(Supplied material begins)
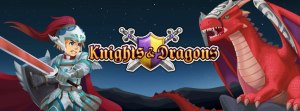 knights and dragons 3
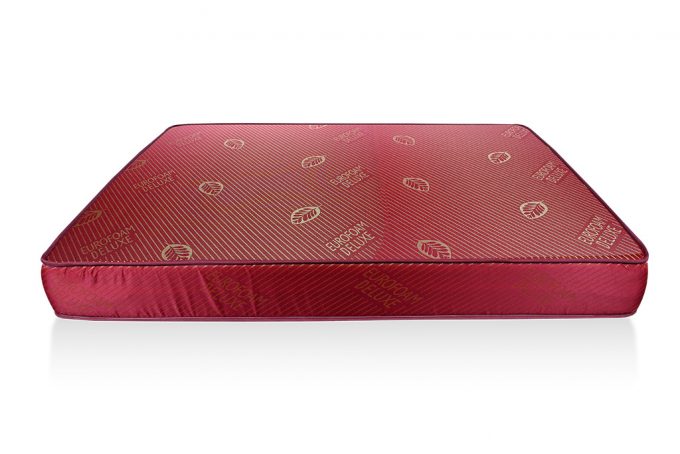 Deluxe Mattress - Leaf Strips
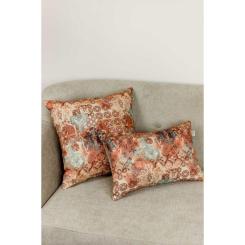 Наволочка Прованс декоративная 45х45 см AWAY ABOUT Фото 1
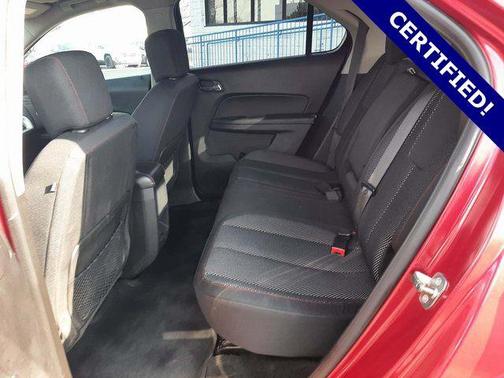 2014 Chevrolet Equinox 1LT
(Supplied material ends)
To do -
Exact output of each line above is wanted, without the pictures.

Output -
 knights and dragons 3
 Deluxe Mattress - Leaf Strips
 Наволочка Прованс декоративная 45х45 см AWAY ABOUT Фото 1
 2014 Chevrolet Equinox 1LT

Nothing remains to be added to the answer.